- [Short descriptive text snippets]
★ ★ ★ ★

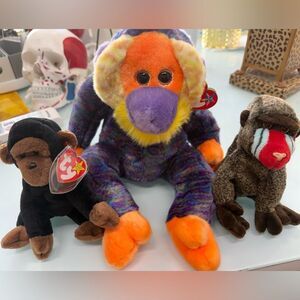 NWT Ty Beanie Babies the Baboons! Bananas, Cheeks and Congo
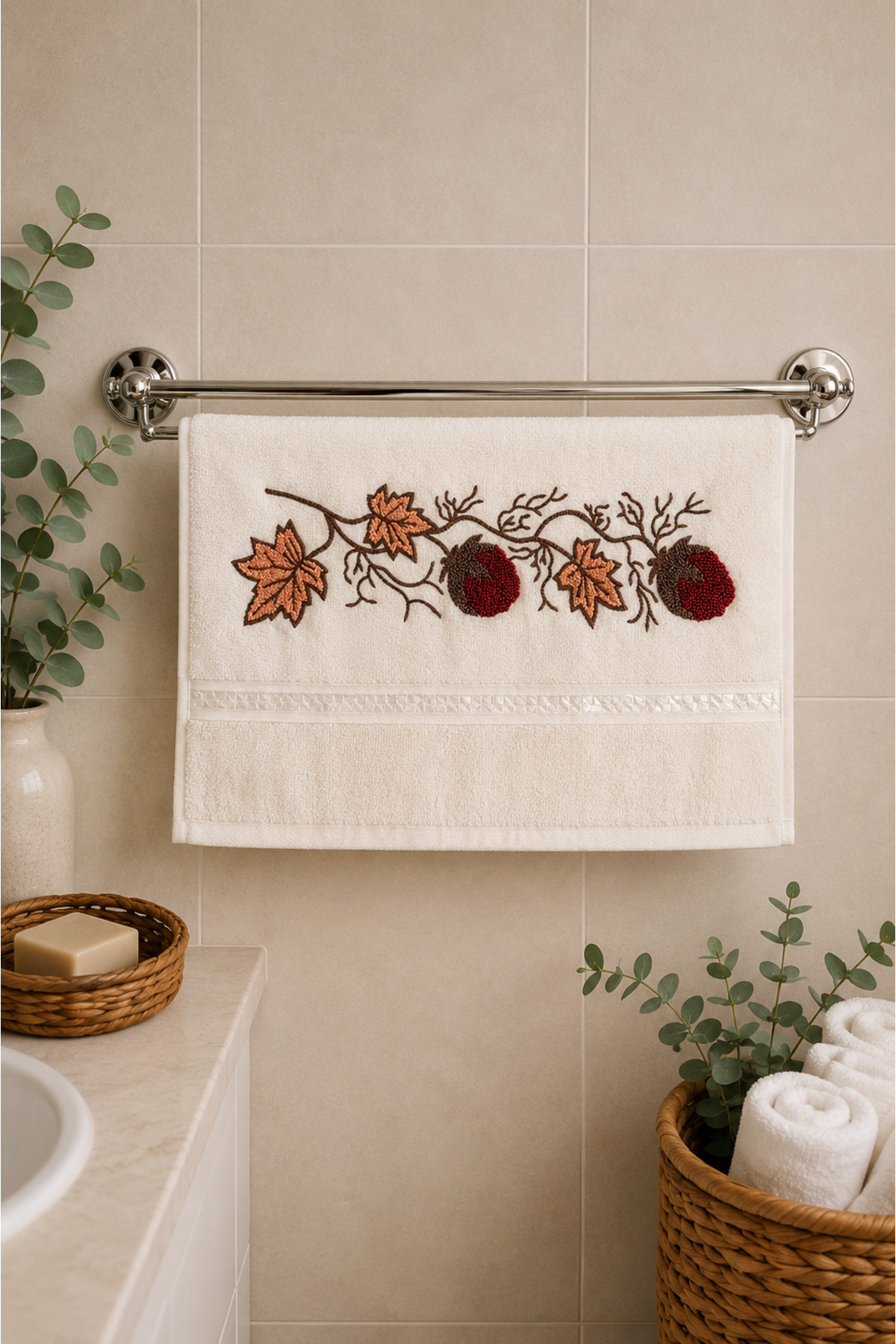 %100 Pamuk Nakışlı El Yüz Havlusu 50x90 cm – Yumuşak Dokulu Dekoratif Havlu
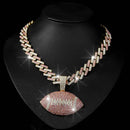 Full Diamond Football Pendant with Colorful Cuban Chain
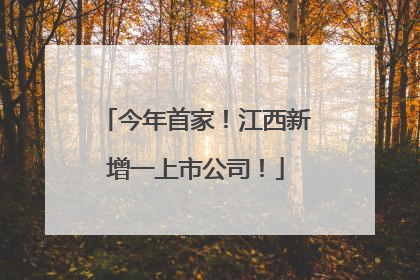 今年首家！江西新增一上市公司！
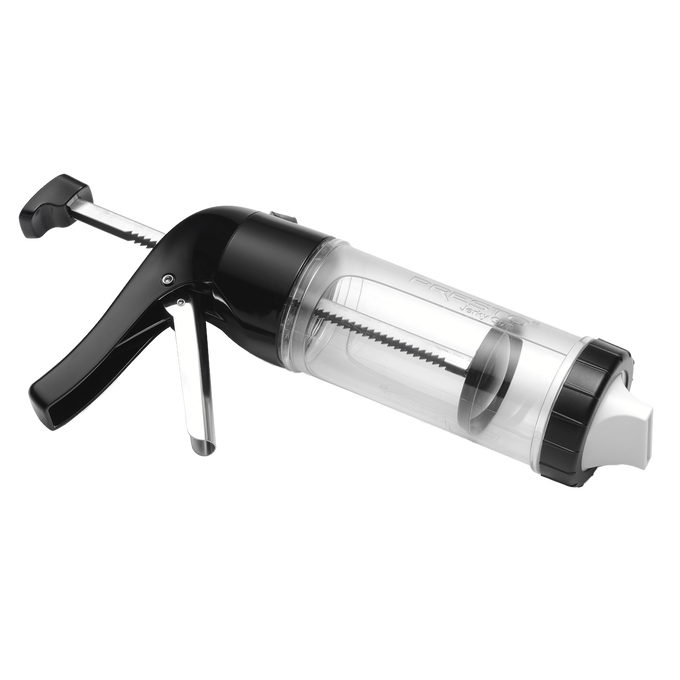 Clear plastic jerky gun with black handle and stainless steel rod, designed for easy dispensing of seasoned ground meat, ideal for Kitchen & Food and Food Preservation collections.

★ ★ ★ ★

Every line above between the one containing "Dokulu Dekoratif Havlu" and the one containing "今年首家！江西新增一上市公司！", those two included, is to be printed exactly. No pictures go into the copy.

 %100 Pamuk Nakışlı El Yüz Havlusu 50x90 cm – Yumuşak Dokulu Dekoratif Havlu
 Full Diamond Football Pendant with Colorful Cuban Chain
 今年首家！江西新增一上市公司！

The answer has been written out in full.